Once you find the line with "Preview for 40" in the data that follows, repeat it and every line after it exactly, through the line with "Bed And Breakfast".
----
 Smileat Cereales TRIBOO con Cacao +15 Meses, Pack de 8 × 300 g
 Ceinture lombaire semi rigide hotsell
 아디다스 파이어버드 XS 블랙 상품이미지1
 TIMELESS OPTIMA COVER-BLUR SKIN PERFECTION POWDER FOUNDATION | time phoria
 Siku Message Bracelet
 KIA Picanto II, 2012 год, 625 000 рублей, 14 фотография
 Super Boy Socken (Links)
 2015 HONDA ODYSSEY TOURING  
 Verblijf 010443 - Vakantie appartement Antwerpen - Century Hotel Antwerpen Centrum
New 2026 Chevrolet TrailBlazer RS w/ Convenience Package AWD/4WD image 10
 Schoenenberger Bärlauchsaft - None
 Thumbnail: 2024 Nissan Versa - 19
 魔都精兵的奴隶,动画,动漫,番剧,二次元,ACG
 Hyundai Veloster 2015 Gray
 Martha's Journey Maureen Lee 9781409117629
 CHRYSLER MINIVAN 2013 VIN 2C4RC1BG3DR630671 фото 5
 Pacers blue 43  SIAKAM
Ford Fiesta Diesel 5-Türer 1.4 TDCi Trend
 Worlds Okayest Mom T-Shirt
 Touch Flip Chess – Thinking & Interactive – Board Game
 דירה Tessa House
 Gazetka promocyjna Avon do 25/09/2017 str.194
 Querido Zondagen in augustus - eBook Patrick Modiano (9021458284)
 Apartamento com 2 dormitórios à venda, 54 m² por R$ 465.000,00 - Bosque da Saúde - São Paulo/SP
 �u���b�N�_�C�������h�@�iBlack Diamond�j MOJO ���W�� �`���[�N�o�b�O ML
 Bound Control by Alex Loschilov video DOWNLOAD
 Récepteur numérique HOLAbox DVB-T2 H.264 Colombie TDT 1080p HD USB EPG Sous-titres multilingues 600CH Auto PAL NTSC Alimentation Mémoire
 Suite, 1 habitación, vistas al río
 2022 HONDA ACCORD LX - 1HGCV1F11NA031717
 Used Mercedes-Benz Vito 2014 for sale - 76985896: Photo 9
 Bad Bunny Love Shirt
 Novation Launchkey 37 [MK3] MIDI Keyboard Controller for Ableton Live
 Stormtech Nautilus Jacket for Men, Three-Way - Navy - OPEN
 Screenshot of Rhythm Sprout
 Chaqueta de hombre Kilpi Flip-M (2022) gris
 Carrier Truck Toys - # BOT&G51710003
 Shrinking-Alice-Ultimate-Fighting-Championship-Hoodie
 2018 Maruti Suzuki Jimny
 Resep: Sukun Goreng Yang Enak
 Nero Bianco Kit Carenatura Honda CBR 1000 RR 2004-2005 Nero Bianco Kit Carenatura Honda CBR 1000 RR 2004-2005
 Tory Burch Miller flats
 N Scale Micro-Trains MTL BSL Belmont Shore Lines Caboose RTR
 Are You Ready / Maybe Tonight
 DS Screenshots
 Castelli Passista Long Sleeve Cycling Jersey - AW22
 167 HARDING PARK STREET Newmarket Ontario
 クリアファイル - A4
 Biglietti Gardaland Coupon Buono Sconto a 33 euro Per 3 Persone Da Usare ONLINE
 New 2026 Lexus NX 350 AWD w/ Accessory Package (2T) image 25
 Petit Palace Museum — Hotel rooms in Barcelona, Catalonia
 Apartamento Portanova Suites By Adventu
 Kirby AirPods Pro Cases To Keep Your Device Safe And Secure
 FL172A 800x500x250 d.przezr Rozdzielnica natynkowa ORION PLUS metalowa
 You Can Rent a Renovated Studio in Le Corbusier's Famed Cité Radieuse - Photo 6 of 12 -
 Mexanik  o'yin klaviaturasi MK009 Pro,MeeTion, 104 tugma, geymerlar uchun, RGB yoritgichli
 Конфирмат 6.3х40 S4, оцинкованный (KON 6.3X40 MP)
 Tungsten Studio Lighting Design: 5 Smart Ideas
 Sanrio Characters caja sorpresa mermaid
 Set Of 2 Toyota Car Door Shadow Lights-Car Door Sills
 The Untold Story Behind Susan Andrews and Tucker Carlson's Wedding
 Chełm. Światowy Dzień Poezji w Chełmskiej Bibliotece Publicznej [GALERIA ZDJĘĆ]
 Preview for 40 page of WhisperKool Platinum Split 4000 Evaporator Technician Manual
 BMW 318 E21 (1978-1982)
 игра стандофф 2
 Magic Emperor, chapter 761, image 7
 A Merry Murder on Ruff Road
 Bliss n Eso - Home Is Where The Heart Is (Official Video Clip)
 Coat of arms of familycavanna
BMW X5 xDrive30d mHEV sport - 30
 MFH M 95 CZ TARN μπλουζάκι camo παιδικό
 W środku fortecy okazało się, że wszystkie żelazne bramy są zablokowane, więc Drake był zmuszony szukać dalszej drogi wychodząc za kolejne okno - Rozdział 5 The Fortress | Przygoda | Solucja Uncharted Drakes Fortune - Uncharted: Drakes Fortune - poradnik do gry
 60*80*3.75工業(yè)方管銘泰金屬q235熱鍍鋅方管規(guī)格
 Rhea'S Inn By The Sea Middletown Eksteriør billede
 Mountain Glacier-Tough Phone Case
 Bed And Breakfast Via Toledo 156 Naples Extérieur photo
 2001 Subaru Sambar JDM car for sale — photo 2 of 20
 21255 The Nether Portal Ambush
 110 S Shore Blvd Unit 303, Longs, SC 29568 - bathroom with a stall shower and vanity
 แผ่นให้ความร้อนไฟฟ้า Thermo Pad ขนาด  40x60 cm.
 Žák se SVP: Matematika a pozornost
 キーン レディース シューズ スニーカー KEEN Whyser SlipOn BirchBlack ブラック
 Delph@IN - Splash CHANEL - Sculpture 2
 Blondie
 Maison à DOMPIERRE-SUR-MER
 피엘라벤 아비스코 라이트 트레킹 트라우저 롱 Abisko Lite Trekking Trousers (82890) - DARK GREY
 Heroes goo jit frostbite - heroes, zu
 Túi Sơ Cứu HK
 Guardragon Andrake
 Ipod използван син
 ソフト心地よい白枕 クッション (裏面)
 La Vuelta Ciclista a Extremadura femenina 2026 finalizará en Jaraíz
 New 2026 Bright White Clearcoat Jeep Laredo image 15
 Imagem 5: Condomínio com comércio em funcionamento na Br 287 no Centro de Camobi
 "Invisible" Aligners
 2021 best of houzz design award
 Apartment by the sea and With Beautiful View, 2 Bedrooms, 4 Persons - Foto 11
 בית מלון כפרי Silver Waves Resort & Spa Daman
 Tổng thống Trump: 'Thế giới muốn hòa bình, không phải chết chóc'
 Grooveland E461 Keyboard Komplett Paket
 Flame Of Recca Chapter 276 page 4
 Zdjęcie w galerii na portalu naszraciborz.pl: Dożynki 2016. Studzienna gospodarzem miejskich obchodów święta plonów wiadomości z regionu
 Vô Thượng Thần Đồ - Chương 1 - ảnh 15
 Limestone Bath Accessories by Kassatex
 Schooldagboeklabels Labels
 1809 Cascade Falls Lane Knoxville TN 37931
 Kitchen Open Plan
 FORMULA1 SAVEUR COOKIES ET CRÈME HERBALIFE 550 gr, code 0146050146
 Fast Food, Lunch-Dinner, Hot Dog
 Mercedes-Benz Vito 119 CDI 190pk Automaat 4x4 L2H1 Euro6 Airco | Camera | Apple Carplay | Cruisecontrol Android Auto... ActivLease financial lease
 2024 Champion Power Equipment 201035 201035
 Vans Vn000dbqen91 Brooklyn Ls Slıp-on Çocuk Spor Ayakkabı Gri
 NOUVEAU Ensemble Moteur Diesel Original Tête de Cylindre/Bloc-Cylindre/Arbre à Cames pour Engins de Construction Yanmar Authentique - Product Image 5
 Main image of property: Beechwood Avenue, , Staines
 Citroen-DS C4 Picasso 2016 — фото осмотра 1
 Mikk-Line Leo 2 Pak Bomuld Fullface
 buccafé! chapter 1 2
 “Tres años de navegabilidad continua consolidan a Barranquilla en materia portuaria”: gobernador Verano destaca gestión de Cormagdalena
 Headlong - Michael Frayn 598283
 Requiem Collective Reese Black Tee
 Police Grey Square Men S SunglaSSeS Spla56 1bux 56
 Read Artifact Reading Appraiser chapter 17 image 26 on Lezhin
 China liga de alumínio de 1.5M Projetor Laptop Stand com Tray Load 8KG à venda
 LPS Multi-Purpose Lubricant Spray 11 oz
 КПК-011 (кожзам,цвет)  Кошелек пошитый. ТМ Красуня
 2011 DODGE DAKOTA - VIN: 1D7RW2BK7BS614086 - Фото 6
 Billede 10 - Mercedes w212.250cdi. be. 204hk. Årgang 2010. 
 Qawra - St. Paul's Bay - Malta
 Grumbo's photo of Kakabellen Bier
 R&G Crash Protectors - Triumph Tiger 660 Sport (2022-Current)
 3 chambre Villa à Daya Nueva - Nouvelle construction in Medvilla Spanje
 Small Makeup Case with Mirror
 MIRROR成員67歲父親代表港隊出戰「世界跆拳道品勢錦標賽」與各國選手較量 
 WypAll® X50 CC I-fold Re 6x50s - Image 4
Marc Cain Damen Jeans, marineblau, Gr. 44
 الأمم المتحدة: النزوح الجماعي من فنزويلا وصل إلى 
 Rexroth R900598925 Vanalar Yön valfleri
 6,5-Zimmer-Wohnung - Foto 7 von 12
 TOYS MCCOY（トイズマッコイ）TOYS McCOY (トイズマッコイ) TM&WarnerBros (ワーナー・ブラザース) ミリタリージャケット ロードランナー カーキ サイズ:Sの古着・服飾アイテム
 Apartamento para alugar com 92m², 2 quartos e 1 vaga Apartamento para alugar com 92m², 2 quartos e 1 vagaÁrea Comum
----
■ **Task response**:
 Preview for 40 page of WhisperKool Platinum Split 4000 Evaporator Technician Manual
 BMW 318 E21 (1978-1982)
 игра стандофф 2
 Magic Emperor, chapter 761, image 7
 A Merry Murder on Ruff Road
 Bliss n Eso - Home Is Where The Heart Is (Official Video Clip)
 Coat of arms of familycavanna
BMW X5 xDrive30d mHEV sport - 30
 MFH M 95 CZ TARN μπλουζάκι camo παιδικό
 W środku fortecy okazało się, że wszystkie żelazne bramy są zablokowane, więc Drake był zmuszony szukać dalszej drogi wychodząc za kolejne okno - Rozdział 5 The Fortress | Przygoda | Solucja Uncharted Drakes Fortune - Uncharted: Drakes Fortune - poradnik do gry
 60*80*3.75工業(yè)方管銘泰金屬q235熱鍍鋅方管規(guī)格
 Rhea'S Inn By The Sea Middletown Eksteriør billede
 Mountain Glacier-Tough Phone Case
 Bed And Breakfast Via Toledo 156 Naples Extérieur photo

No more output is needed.